** What is needed **
Starting with the line with "Beige Gebraucht 2011" in the entries below and going on through the line with "Used 2023 Lexus", output every line exactly and nothing more. No pictures.

** Supplied data **
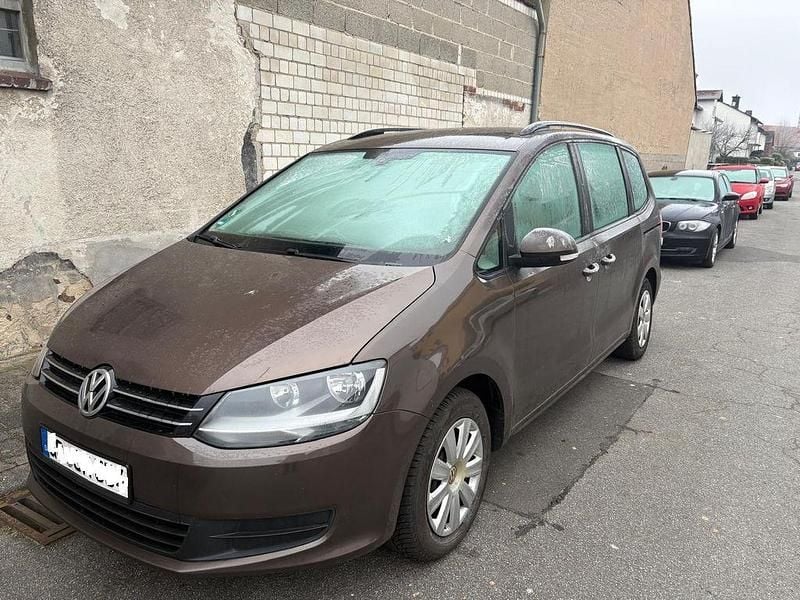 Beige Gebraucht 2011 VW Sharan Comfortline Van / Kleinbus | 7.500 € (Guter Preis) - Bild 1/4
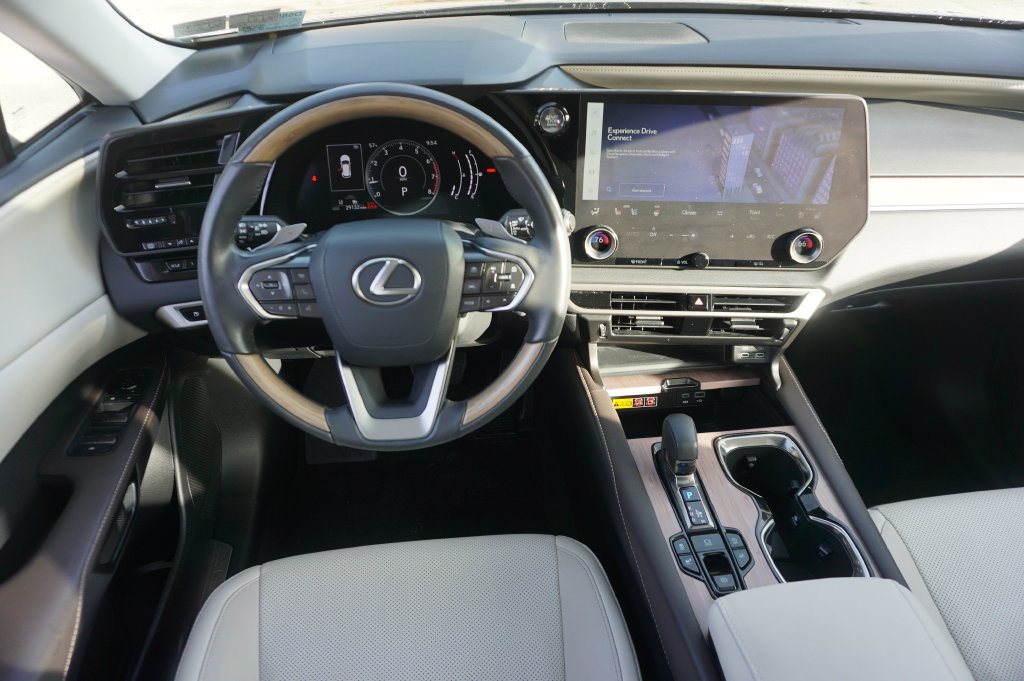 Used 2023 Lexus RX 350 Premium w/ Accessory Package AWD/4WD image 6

* * *

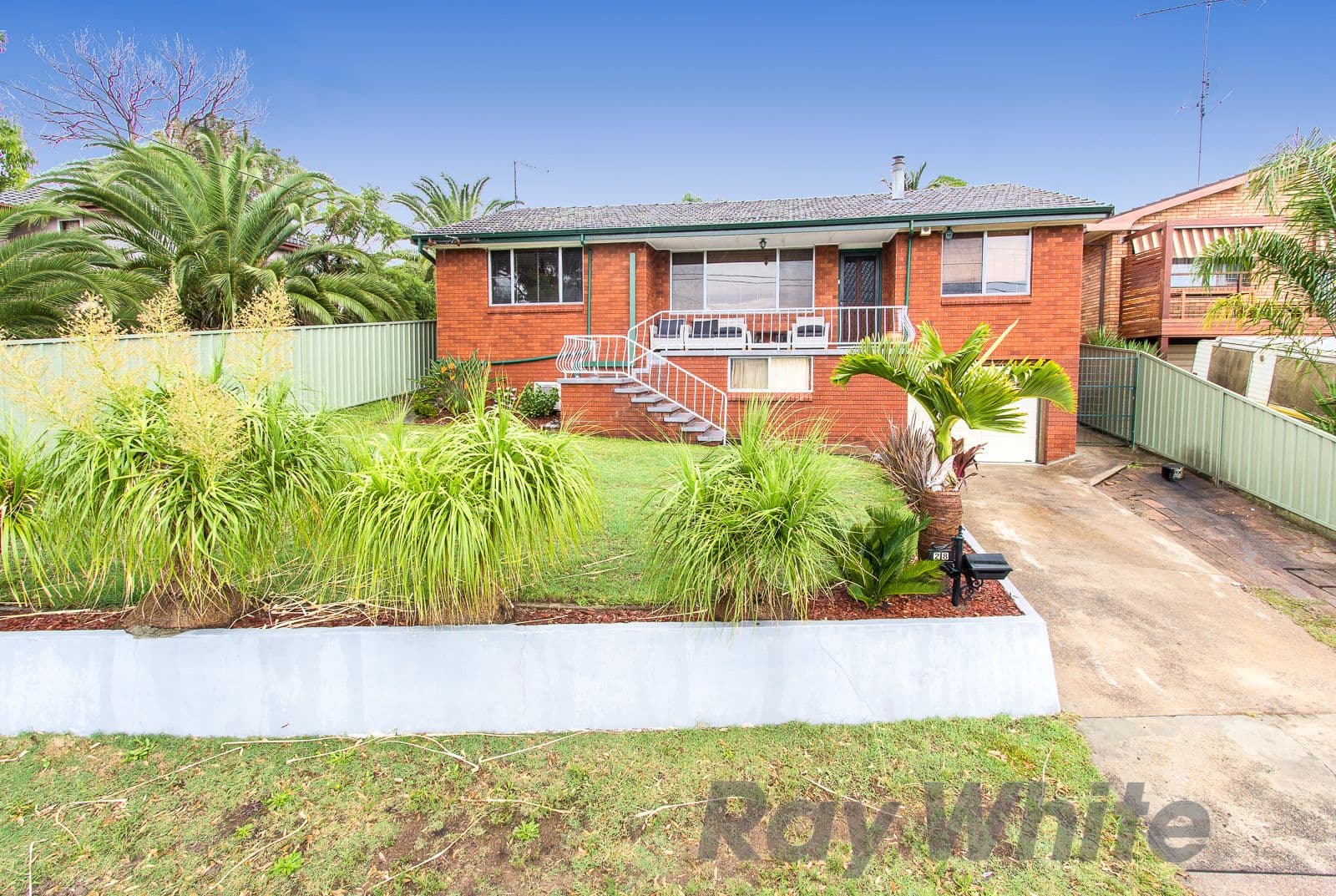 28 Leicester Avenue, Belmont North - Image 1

** Solution **
 Beige Gebraucht 2011 VW Sharan Comfortline Van / Kleinbus | 7.500 € (Guter Preis) - Bild 1/4
 Used 2023 Lexus RX 350 Premium w/ Accessory Package AWD/4WD image 6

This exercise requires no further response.